Os motoristas do Uber queriam bloquear o centro de Bruxelas até "o plano de táxi estar pronto". Durante algum tempo, bloquearam alguns túneis e suas ações foram até paralelas às da polícia, que saiu às ruas em protesto contra suas condições de trabalho. Quando pararam suas ações às 09.00h, os motoristas do Uber foram deixados sozinhos.

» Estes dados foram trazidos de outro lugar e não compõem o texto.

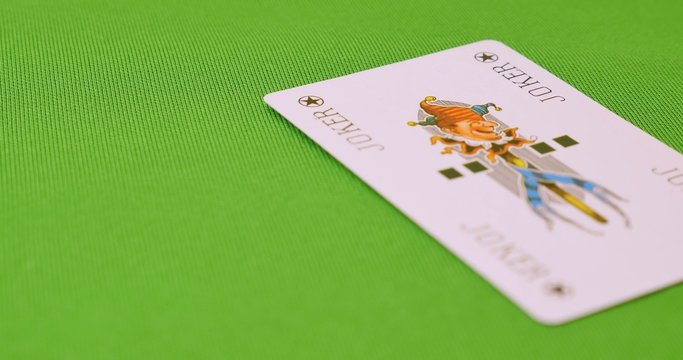 A green table and a person throwing a JOKER card on it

De acordo com a revista especializada Passenger Transport, os motoristas do Uber não tiveram que se manifestar por muito tempo, porque após a reunião de gabinete, o gabinete do primeiro-ministro Rudi Vervoort (PS) anunciou rapidamente que o governo de Bruxelas havia aprovado o plano de táxi. Depois que Vervoort recebeu uma representação dos motoristas do Uber para consulta esta tarde, Asmaa Snaibi, porta-voz não oficial dos motoristas do Uber, disse que "o governo está procurando uma solução temporária para nós".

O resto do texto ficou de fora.